_Work required_:
Find the line with "Colors acrylic paints in small jars" in the entries below, then output every line from it down to the line with "a set of two", exactly and with no pictures.

_Data_:
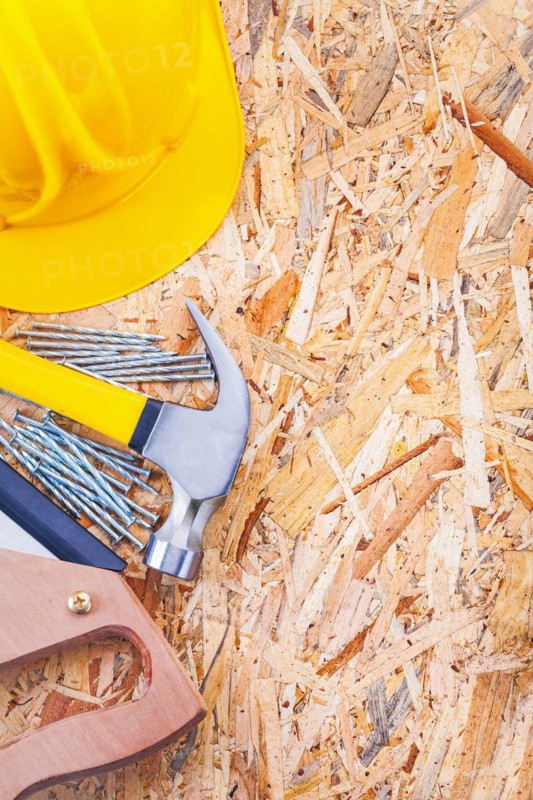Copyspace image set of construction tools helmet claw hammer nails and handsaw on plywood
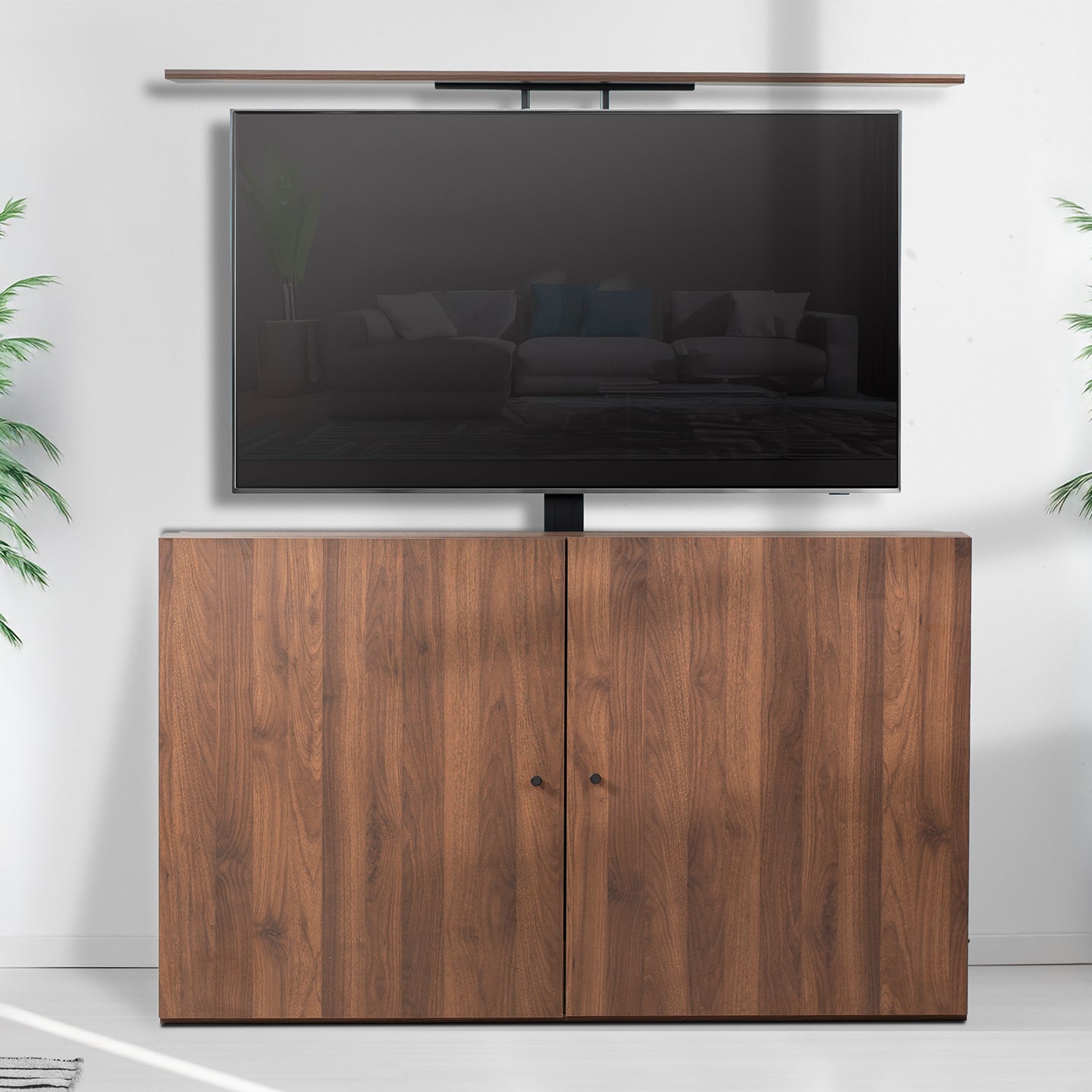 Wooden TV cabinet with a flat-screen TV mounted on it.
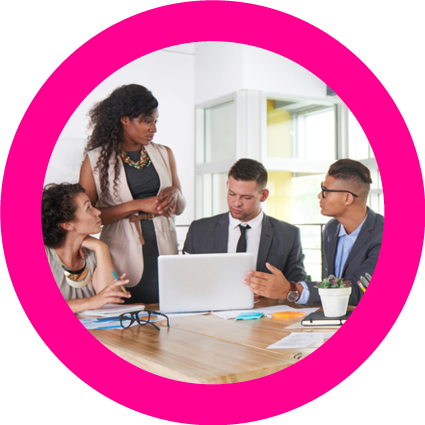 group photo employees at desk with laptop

* * *

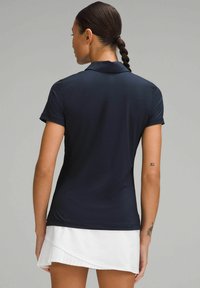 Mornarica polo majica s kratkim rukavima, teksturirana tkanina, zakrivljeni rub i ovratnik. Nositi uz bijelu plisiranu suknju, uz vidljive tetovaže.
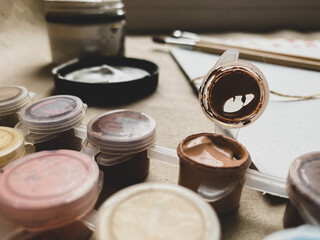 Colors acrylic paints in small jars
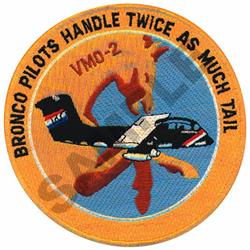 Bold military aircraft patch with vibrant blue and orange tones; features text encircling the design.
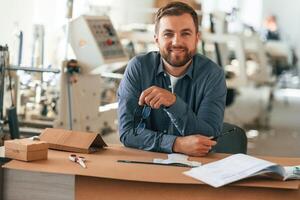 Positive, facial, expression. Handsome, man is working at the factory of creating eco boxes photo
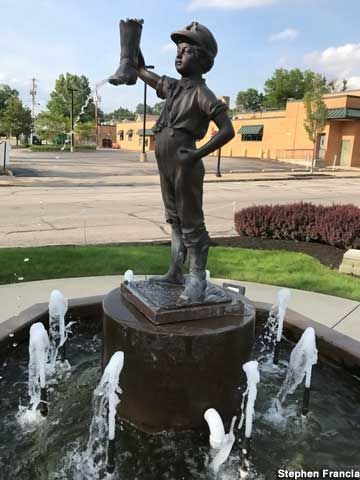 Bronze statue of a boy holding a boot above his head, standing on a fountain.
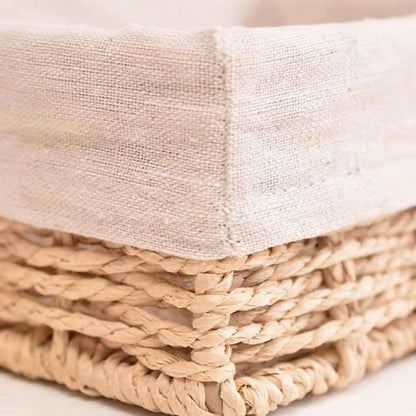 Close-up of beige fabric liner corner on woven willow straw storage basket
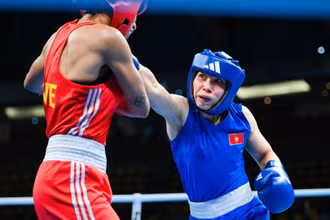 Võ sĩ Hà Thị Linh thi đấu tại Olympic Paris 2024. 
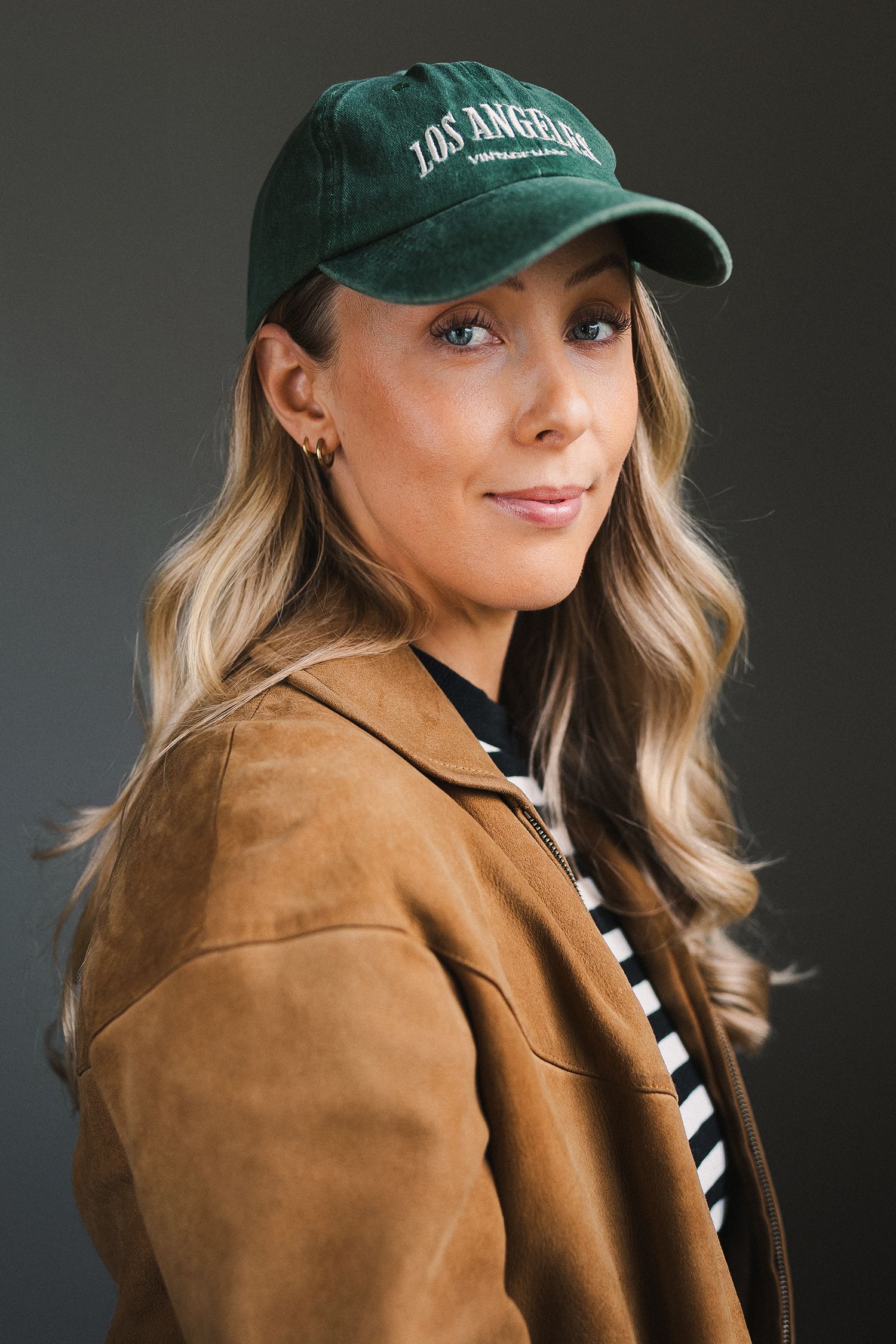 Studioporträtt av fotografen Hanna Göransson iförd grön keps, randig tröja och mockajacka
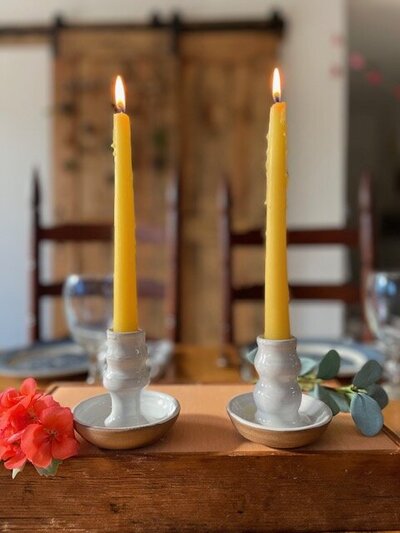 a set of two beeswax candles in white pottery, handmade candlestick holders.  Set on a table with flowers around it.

---

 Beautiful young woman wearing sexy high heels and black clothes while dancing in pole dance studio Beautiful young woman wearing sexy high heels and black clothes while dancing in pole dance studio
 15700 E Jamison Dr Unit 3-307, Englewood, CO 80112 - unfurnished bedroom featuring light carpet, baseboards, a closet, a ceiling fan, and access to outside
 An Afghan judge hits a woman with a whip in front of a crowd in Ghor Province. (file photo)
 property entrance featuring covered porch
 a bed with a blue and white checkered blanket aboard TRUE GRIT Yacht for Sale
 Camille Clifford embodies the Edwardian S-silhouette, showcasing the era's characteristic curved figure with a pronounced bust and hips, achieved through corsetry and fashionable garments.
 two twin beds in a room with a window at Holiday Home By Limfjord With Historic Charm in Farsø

_Reply_:
 Colors acrylic paints in small jars
 Bold military aircraft patch with vibrant blue and orange tones; features text encircling the design.
 Positive, facial, expression. Handsome, man is working at the factory of creating eco boxes photo
 Bronze statue of a boy holding a boot above his head, standing on a fountain.
 Close-up of beige fabric liner corner on woven willow straw storage basket
 Võ sĩ Hà Thị Linh thi đấu tại Olympic Paris 2024. 
 Studioporträtt av fotografen Hanna Göransson iförd grön keps, randig tröja och mockajacka
 a set of two beeswax candles in white pottery, handmade candlestick holders.  Set on a table with flowers around it.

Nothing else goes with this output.